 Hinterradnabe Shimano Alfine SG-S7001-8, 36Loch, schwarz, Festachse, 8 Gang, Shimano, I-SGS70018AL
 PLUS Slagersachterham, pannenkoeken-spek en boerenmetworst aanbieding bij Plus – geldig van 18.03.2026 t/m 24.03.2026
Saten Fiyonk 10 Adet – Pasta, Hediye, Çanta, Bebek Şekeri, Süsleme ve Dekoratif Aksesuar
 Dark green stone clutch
::::::::::
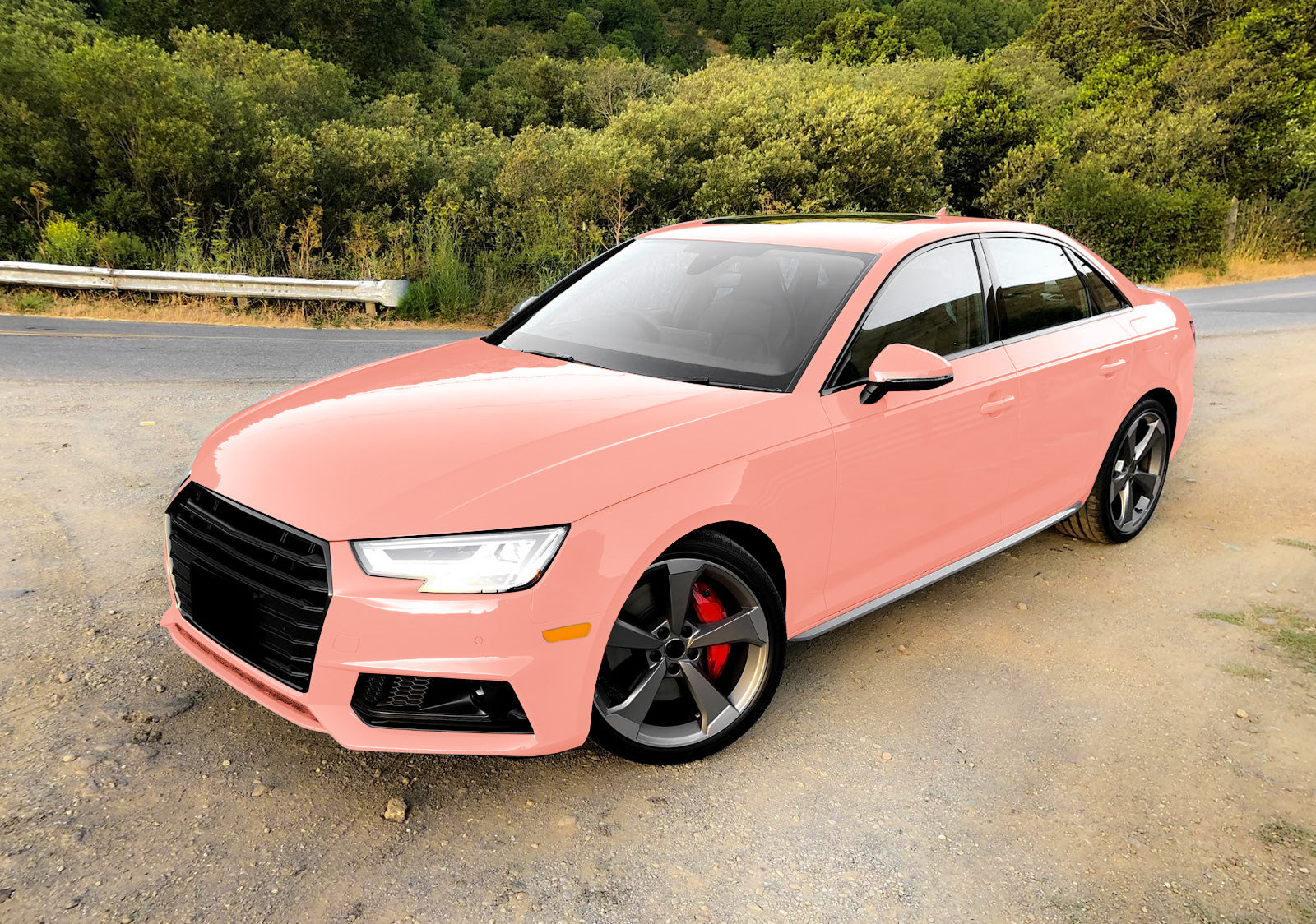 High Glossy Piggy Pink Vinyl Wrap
::::::::::
◆ **EXERCISE**
Nothing should appear in the answer except the lines above from the line with "Hinterradnabe Shimano Alfine" through the line with "Dark green stone clutch", both included, written out exactly.

◆ **RESPONSE BELOW**
 Hinterradnabe Shimano Alfine SG-S7001-8, 36Loch, schwarz, Festachse, 8 Gang, Shimano, I-SGS70018AL
 PLUS Slagersachterham, pannenkoeken-spek en boerenmetworst aanbieding bij Plus – geldig van 18.03.2026 t/m 24.03.2026
Saten Fiyonk 10 Adet – Pasta, Hediye, Çanta, Bebek Şekeri, Süsleme ve Dekoratif Aksesuar
 Dark green stone clutch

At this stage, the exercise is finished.